Nature Medicine 17, 12 doi: 10.1038/nm.2490

組織の恒常性維持には、損傷に対する有効で限定的な創傷治癒応答が必要である。慢性疾患で実質組織に生じた再生障害は、消失した細胞が繊維マトリックスによって置換される原因となる。細胞再生と繊維形成のバランスを左右する機序はよく解明されていない。今回我々は、肝臓中にあって繊維形成性の肝臓星細胞(HSC)が、肝細胞再生の負の調節因子であることを報告する。この負の調節機能には、HSCの5-ヒドロキシトリプタミン2B受容体(5-HT2B)のセロトニンによる刺激が必要であり、これがマイトジェン活性化プロテインキナーゼ1および転写因子JunDによるシグナル伝達を介して、肝細胞増殖の強力な抑制因子であるトランスフォーミング増殖因子β1発現を活性化する。

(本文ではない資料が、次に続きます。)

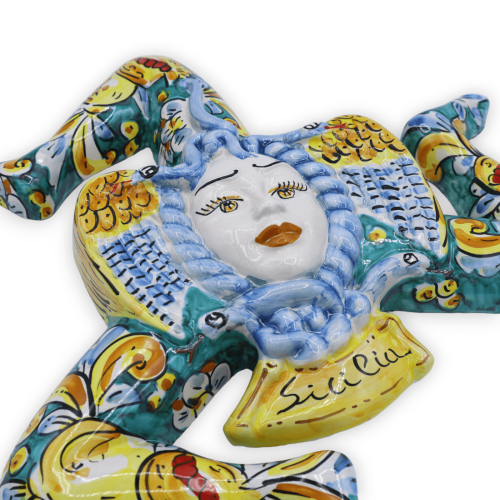 Trinacria in ceramica Caltagirone, h 34 cm x 33 l ca. decoro barocco e frutta, fondo verde -  2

5-HT2Bの選択的アゴニストは、急性および慢性の肝傷害モデルで肝細胞の増殖を促進した。同様の影響は、5-HT2BまたはJunDを欠損するマウス、またはHSCを選択的に枯渇させた野生型マウスでも見られた。繊維症がすでに発症して進行中の疾患モデルでは、5-HT2Bに対するアンタゴニストは繊維形成を低減し、肝機能を向上させた。ヒトで5-HT2Bを薬理的標的とすることは臨床上安全であり、慢性肝疾患の治療法として期待される。